Fira yolunda uzun süre deniz kenarındaki yoldan ilerledik, bir müddet sonra yokuş tırmanmaya başladık, yokuşu tırmandıkça yol güzelleşti, gerçi denizi göremez olmuştuk ama gördüğüm her şey ama her şey heyecanlanmama sebep oluyordu, yokuşu tırmandıkça yerleşimin arttığını, adanın nefes alıp verdiğini gördük. Beni en çok o yolda ne etkiledi bilmiyorum, yol boyu beyaz evlerin birbiri ile yarışırcasına dizayn edilmiş mimarileri mi, ara ara denizin yüksekten görünen nefes kesici manzarası mı yoksa dükkan olarak kullanılan ufak bazı yapıların önündeki domates bağları ve boy boy satılan reçel, konserveler mi? Belki de tamamı, ama en çok da adaya dair insanları yaşamları köylüleri görmekten hoşlandım, çünkü benim için bir yer insan varsa yaşanmaya değerdir. Günlerdir etrafım bizim gibi gezgin ya da turistlerle çevriliydi oysaki ben turist değil yerli görmek istiyordum,. kendimizi asla turist kategorisine koymam ben, biz tursit değil gezginiz.  Bu yüzden gideceğim yerin insanları ve arka sokakları benim için turistik olan yerlerinden çok daha muhimdir. Fira yolu boyunca atvler bize eşlik etti, eşime “bunu ben de sürerim” deyince eşim  göründüğü kadar kolay olmadığını hakimiyetinin çok çabuk yitirildiğini söyledi, hele bir de böylesine dolambaçlı yolda oldukça tehlikeli olurmuş, zaten herhangi bir şey kiralama niyetinde değildim çünkü bu da kesinlikle karşı olduğum bir olgudur, keşke adanın toplu taşıması olaydı da ona binebileydik, işleyen sistemi görür, ona dahil olabilirdik benim için bu bile gözlenmesi ve yaşanması büyük bir zevk.
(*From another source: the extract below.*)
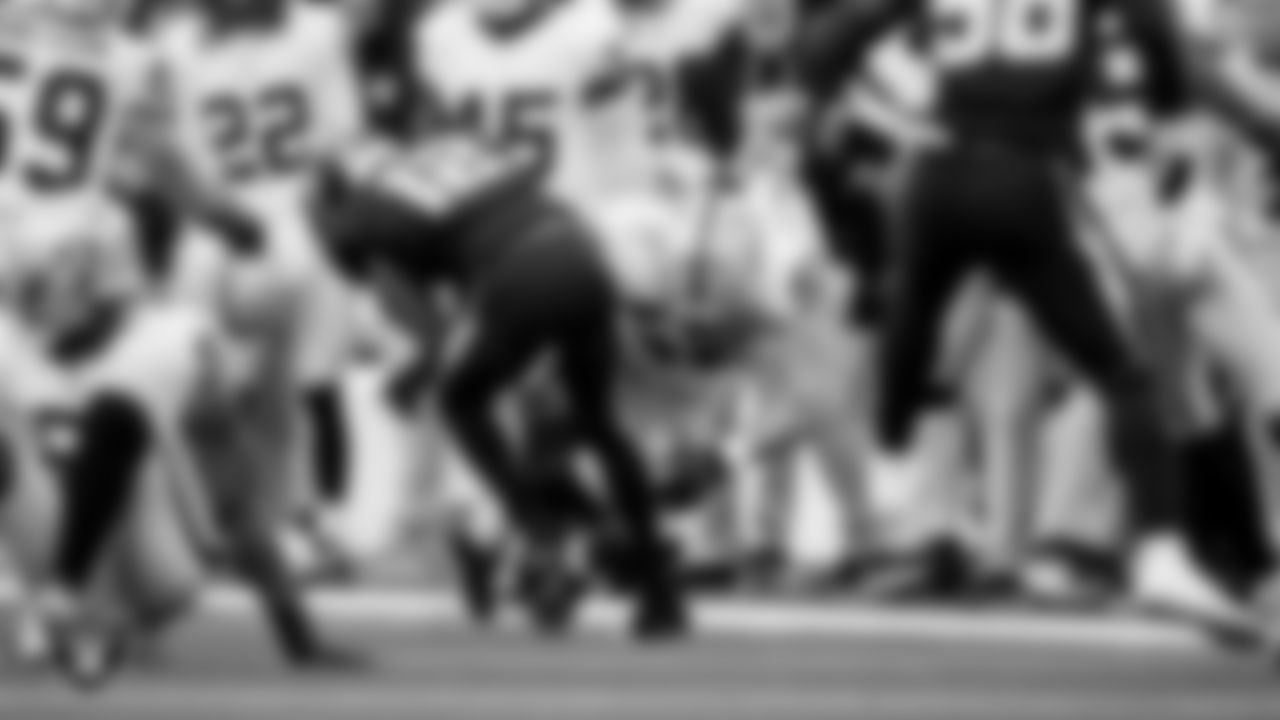 Las Vegas Raiders linebacker Cody Lindenberg (55) during the regular season away game against the Los Angeles Chargers at SoFi Stadium.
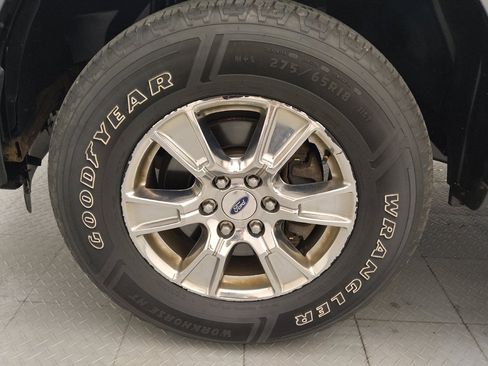 Used 2016 Ford F150 XLT w/ Equipment Group 302A Luxury AWD/4WD image 31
Şöför Fira’ya vardığımızı belirtip bizi bir noktada bıraktı ve akşam almaya geleceği saati söyledi. Bıraktığı noktadan alacaktı. Herkes 2şerli gruplar halinde dağıldı. İlk anda gördüğüm kadarıyla burası adanın kalbinin attığı yerdi, çok katlı olmayan beyaz yapılar, dükkanlar, yine yazlık bölgelere mahsus tek katlı minik hastaneler, yürümeyi bırakın seyretmesi bile zevk veren temiz yol ve kaldırımlar. Her şey güzel görünüyordu ancak nereye gideceğimizi bilmiyorduk, ben 6. Sesime uyarak yokuş tırmanmayı önerdim, sürekli şekilde yukarılara çıkmaya başladık, harika cafe ve restaurantlar görüyorduk, etrafını çiçek bağları sarmış cafeler. Sonra kendimizi daha yoğun bir kalabalığın içinde bulduk doğru yol üstündeydik. Bir anda karşımıza çok lüks ve şık dükkanlar çıkmaya başladı, özellikle kuyumcu dükkanları revaçtaydı. Sokağın birinden giriyor sonra rastgele onla kesişen bir diğerine yöneliyorduk bir müddet sonra kaybolmuşluk hissi basmaya başladı ki buna bayılırım (zaman zaman İstanbul’da ya da başka bir yerde bunu yapardım bildiğim bir yolun hemen 2-3 sokak ötesine bilmediğim bir yerlere dalar denizi hedef yapıp kaybolur böylece muhteşem yerler keşfederdim) . 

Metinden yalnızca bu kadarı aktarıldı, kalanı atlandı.